Feature Articles: Research and Development for Enabling the Remote World

Vol. 20, No. 11, pp. 40–45, Nov. 2022. https://doi.org/10.53829/ntr202211fa5

Emotional-perception-control Technology for Estimating and Leading Human Emotions

Rika Mochizuki, Motohiro Makiguchi,
Masahiro Kohjima, Masanori Yokoyama,
and Ryuji Yamamoto


The number of people who participate in live music and sporting events in remote environments has been increasing; however, participants must sacrifice the emotional experiences that can only be obtained on site, such as enthusiasm, a sense of unity, and contagious enthusiasm of the audience. Toward the creation of a world where people’s emotions are actively amplified and resonate even in remote environments, we introduce an emotional-perception-control technology for generating a personal virtual site where participants can experience the unique pleasures of virtual reality through estimating their emotional-expression characteristics and leading (guiding) their emotions based on these characteristics.
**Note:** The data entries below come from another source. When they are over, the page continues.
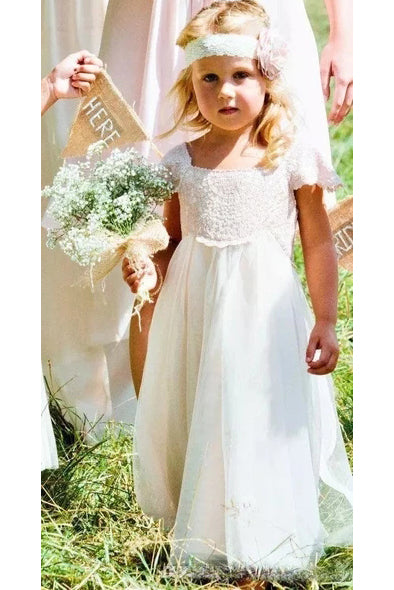 Glamorous Lace & Tulle Square Neckline Cap Sleeve A Line Flower Girl Dresses F073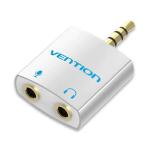 Vention BDBW0  4 Pole 3.5mm Male to 2 3.5mm Female Audio Adapter Silvery Metal Type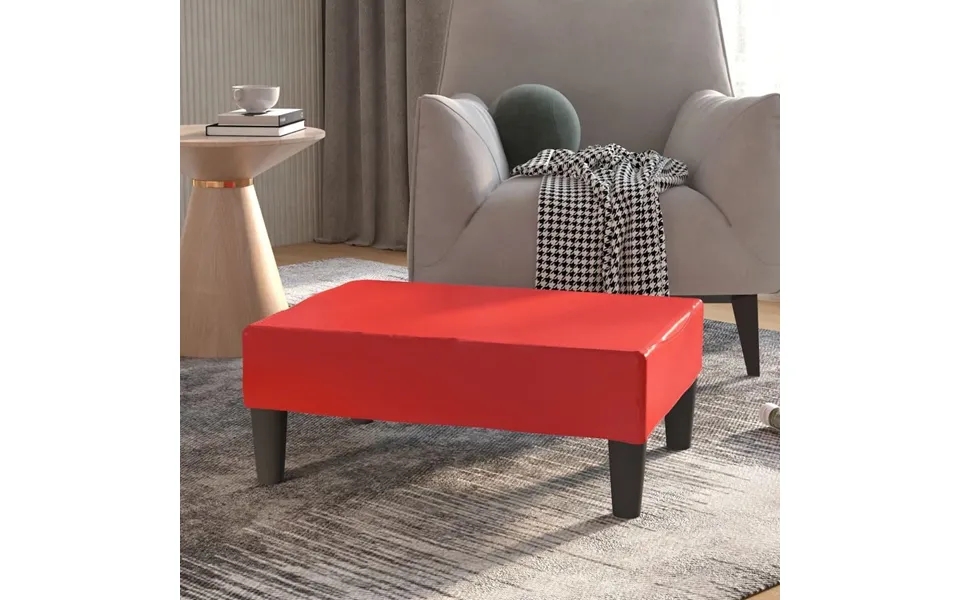 Footstool 78x56x32 cm imitation leather red
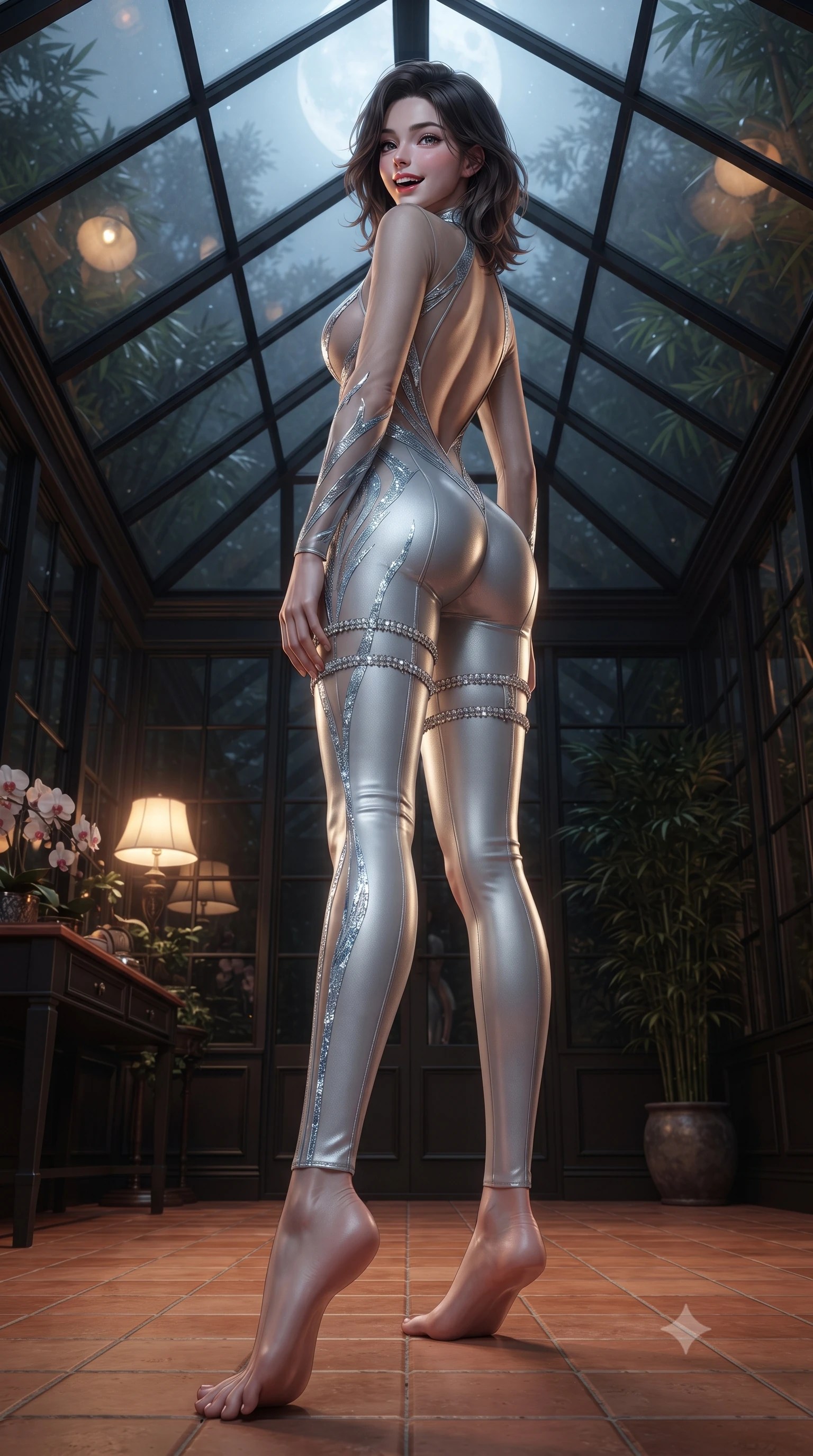 score_9, masterpiece, best quality, ultra-detailed, high-budget anime keyframe, editorial fashion photography, tasteful artistic composition, Korean woman. low angle full-body shot from head to toe showing her feet, filling the entire 9:16 vertical frame with her statuesque presence, stretching her vertical silhouette. executing a slow, graceful pivot turn as her skirt sways around her slender legs, glancing back with an enchanting, teasing sensual expression while standing poised beneath the pitched glass roof of the private conservatory, arching her lower back as moonbeams dance through bamboo fronds. The surrounding environment is rendered in vivid detail and crisp panoramic clarity: sharp black steel glass mullions, terracotta floor tile grout lines, and intricate orchid petal textures in deep focus. She has an exceptionally tall and slender model-like 8.5-heads proportion, an ultra-slim waist, a flat toned midriff, narrow delicate ribcage, and beautifully sculpted feminine hips creating a graceful, slim hourglass silhouette without any bulky heaviness, with impossibly long slender legs. sharp v-shaped jawline, high-bridge nose, intricate jewel-like sparkling eyes with depth, thick eyelashes, glossy parted lips with a natural peach sheen, bright cheerful beaming smile with an enchanting and coquettish sensual glint, exuding both youthful cute charm and seductive allure, flawlessly proportioned anatomical accuracy, strict slender model proportions, natural body alignment, perfectly sculpted long slender limbs, ultra-slim waistline, clean dynamic posture without body distortion. wearing a backless sheer illusion mesh catsuit with strategic crystalline silver flocking tracing her long slender leg lines in Tromsø icy arctic blue and frosted platinum, woven from buttery-soft stretch lambskin leather adhering to her body like a second skin, finished with delicate crystal-encrusted thigh garter straps glinting in the dim light, the second-skin tailored fabric adhering flawlessly to her sculpted flat midriff and slender torso, emphasizing her long leg lines and perfectly proportioned willowy build. bathed in the moody warm 2300K glow of antique brass reading lamps mixed with silver moonlight through glass. ultra-reflective glossy finish, specular highlights, rich textural contrasts, high-contrast stereoscopic depth, volumetric dynamic lighting, 2k, ultra detail, master piece, 9:16 ratio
Keywords: emotion modeling, emotion leading, personal virtual site


1. Emotional-perception-control technology

Online participation in live music, sports, and other events is expected to become essential along with on-site participation as a means of easily gathering people from around the world without worrying about location or distance. Various efforts are being made to improve the sense of presence, such as increasing the resolution of live images, creating multiple viewpoints by arranging multiple cameras, and increasing the wide viewing angle by using 360-degree cameras. However, the emotional experiences that can only be experienced on site, such as enthusiasm, a sense of unity, and contagion of enthusiasm felt in stadiums and live venues, are being lost. Therefore, we aim to create a world in which people’s emotions are actively amplified and resonated even in remote environments by generating a personal virtual site optimized for each person’s unique way of enjoying themselves, such as feeling a sense of unity in conjunction with other spectators or being absorbed in a space alone, by estimating each person’s emotional expression characteristics and leading (guiding) their emotions based on these characteristics.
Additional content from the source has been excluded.